"Il Compagno segreto" - Lunario letterario. Numero 7, maggio 2004

 


"Fondamenta degli Incurabili" di Iosif Brodskij

 

 

6.  Esilio

 

 

 


Lingua russa: "carne sonora e parlante"

(O. MANDEL'STAM)

 

Non mi farò illudere nemmeno dalla lingua

natia, dal suo latteo appello.

Per me è indifferente in quale lingua

non essere capita dal primo incontrato! 

(M. CVETAEVA)

 

 

 “Per uno che fa il mio mestiere la condizione che chiamiamo esilio è, prima di tutto, un evento linguistico: uno scrittore esule è scagliato, o si ritira, dentro la sua madrelingua. Quella che era, per così dire, la sua spada, diventa il suo scudo, la sua capsula.

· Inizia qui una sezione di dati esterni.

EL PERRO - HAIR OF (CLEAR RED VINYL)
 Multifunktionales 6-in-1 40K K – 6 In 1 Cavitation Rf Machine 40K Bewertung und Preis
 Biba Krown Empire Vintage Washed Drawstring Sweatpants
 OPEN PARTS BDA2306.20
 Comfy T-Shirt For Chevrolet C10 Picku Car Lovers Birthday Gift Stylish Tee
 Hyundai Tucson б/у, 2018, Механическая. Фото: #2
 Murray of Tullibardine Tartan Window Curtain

Quella che all’inizio era una liason privata, intima, col linguaggio, in esilio diventa destino – prima ancora di diventare un’ossessione o un dovere. Una lingua viva ha, per definizione, una propensione – e una propulsione – centrifuga; cerca di abbracciare quanto più terreno è possibile – e quanto più vuoto è possibile. Da qui l’esplosione demografica, e da qui il tuo autonomo viaggio verso l’esterno, in quello che è il regno del telescopio o di una preghiera” (Profilo di Clio).

 

Perdita delle Madri e del paesaggio, la passione dell'esilio attraversa il corpo della vita come una ferita immedicabile: il qui troppo qui, il là troppo là (Marina Cvetaeva); né resta una scelta (Le persone della mia generazione non sono minacciate da un triste dover tornare - non sapremmo dove...”, Anna Achmatova).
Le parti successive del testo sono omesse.